Sofar ME3000-SP requests often result in V5FrameError (modbus exception 5) or CRCError #307

coserotondo · 2024-12-09T08:08:19Z

Description

Very often all entities become unavailable for few seconds. The inverter is "always on" as it is a storage inverter Sofar ME3000SP.
The definition file is sofar_wifikit.yaml. I tried to manually query the registers and it works without errors.

Reproduction Steps

No specific actions to reproduce, it happens regularly.

Log

home-assistant_solarman_2024-12-09T07-35-27.188Z.log.filterline.log

Version

24.12.06_4

Home Assistant Version

2024.11.3

The text was updated successfully, but these errors were encountered:

davidrapan · 2024-12-09T09:45:27Z

Hi @coserotondo, it looks like your inverter from time to time replies w/ nonsense data... Did you tried to increase update_interval in your file?
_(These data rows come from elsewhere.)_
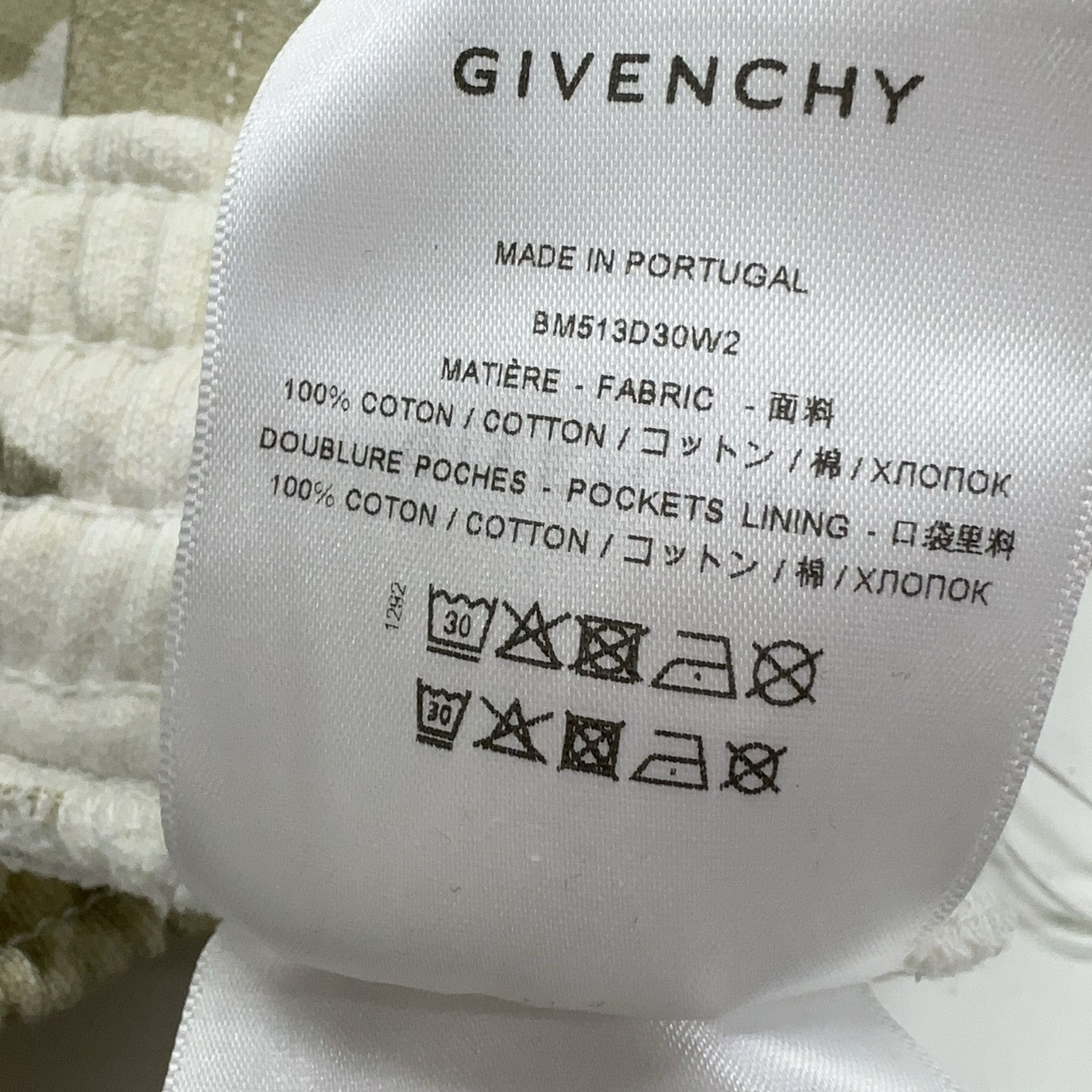 Givenchy Givenchy Camo Print Sweat Shorts XS Size US 28 / EU 44 - 6 Thumbnail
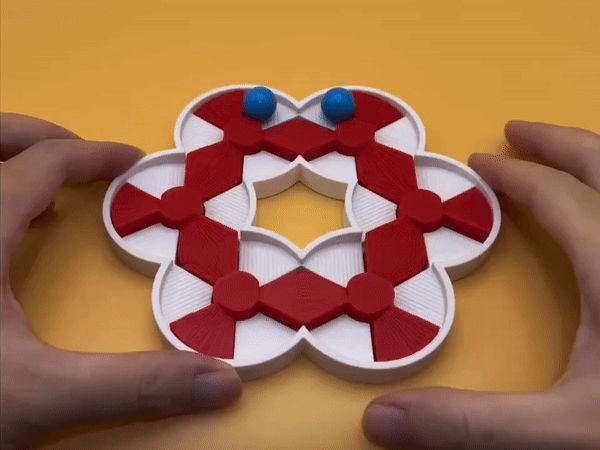 Snowflake chrismas marble run game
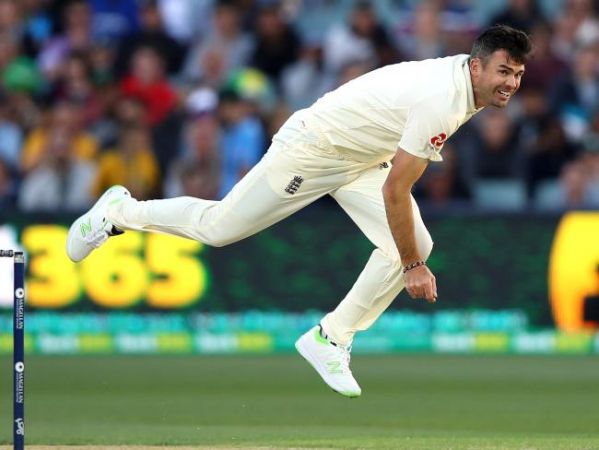 Ashes: England need 354 runs after Anderson and Woakes destroyed Aussies batsman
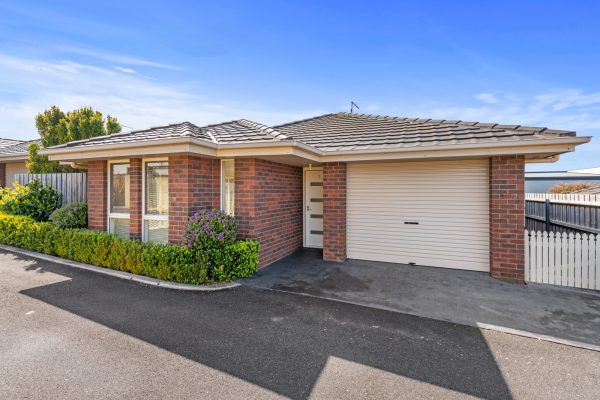 2/62 Haven Drive, SHEARWATER, TAS 7307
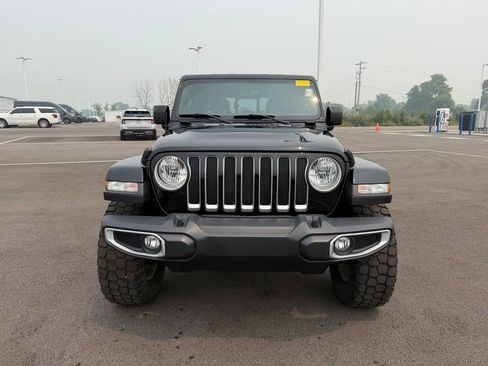 Used 2020 Jeep Gladiator Overland w/ Popular Equipment Package AWD/4WD image 2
coserotondo · 2024-12-09T13:30:44Z

Hi @davidrapan, nope, I left the default 5.

I tried only with min_span to read few registers at a time but if too low it doesn't initialize.

What would be a reasonable update_interval?

davidrapan · 2024-12-09T13:42:44Z

I mean it should be good w/ 5. But try incrementing by 5 and observe if it has any impact!

coserotondo · 2024-12-09T14:02:07Z

Trying 10.

Now I have: Error fetching FV data: V5 Modbus EXCEPTION: AcknowledgeError that never had before...

davidrapan · 2024-12-09T14:23:53Z

It's just correctly parsed exception but it's the same as invalid frame.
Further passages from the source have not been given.